§ **Problem details**
Produce the lines from the one containing "Fragment of thin, hard" through the end of the material exactly as they appear, both ends included, and leave the pictures out.
*** Opening of Source material ***
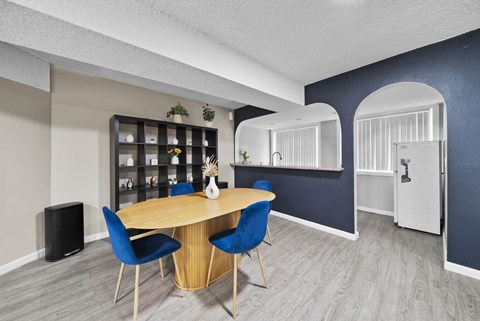 A dining area with a round table and blue chairs.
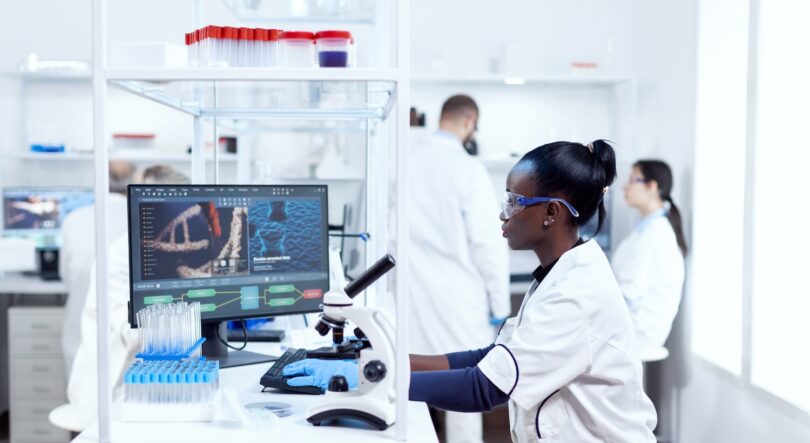 Laboratory scientist analysing clinical trial data on a digital analytics platform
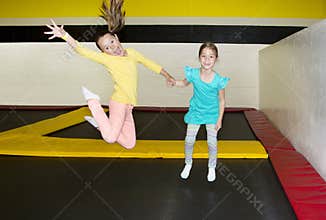 Kids Jumping on Indoor Trampolines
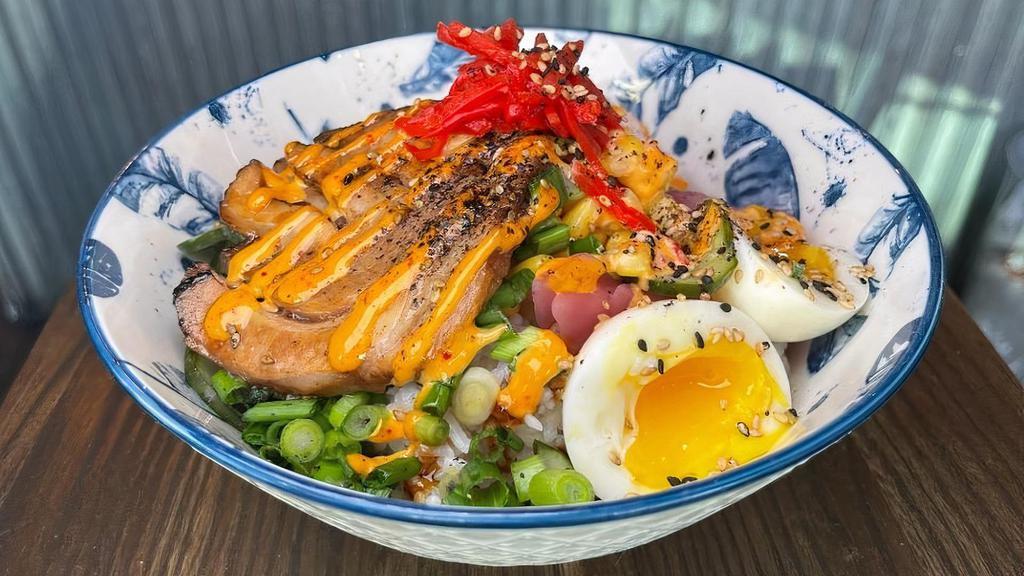 Chashu Pork Rice Bowl · soft egg, roasted corn, pickled daikon, pickled cucumbers, pickled red onions, pickled ginger, scallions, spicy mayo, sesame seeds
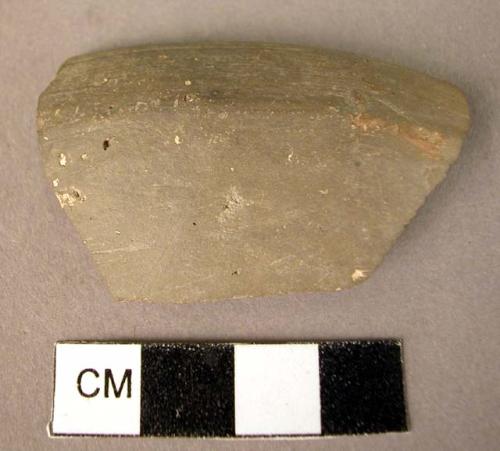 Fragment of thin, hard pottery bowl - gray, unslipped, burnished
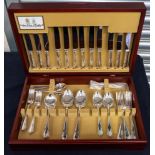 An Arthur Price silver plated six place canteen of cutlery , in fitted wooden case and outer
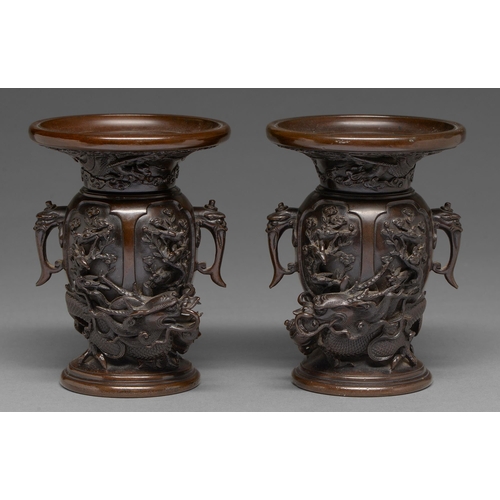 436 - A pair of Japanese bronze dragon and phoenix vases, Meiji period, with high relief cast and applied ... 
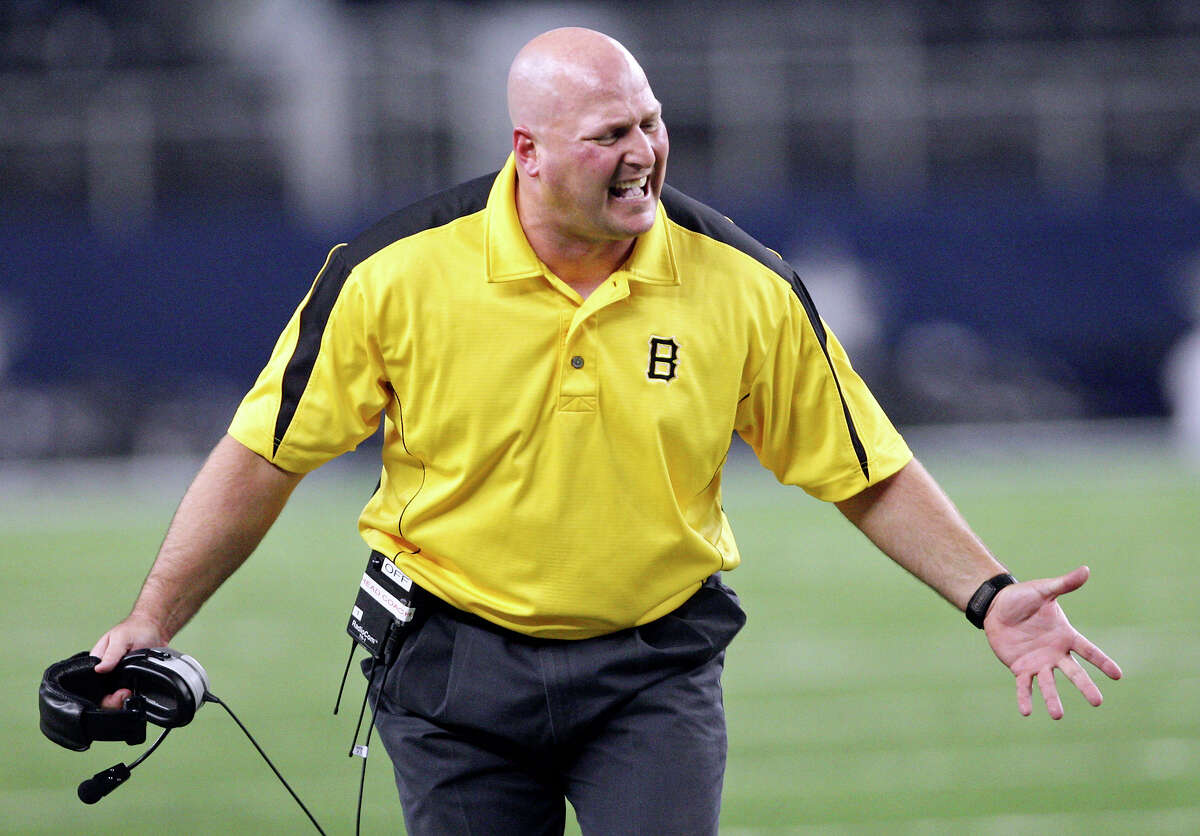 Brennan’s head coach Stephen Basore reacts after a play during second half action of the Class 4A Division I state championship game with Denton Guyer on Dec. 20, 2013 at AT&T Stadium in Arlington.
*** Close of Source material ***
§ **Output below**
 Fragment of thin, hard pottery bowl - gray, unslipped, burnished
 An Arthur Price silver plated six place canteen of cutlery , in fitted wooden case and outer
 436 - A pair of Japanese bronze dragon and phoenix vases, Meiji period, with high relief cast and applied ... 
 Brennan’s head coach Stephen Basore reacts after a play during second half action of the Class 4A Division I state championship game with Denton Guyer on Dec. 20, 2013 at AT&T Stadium in Arlington.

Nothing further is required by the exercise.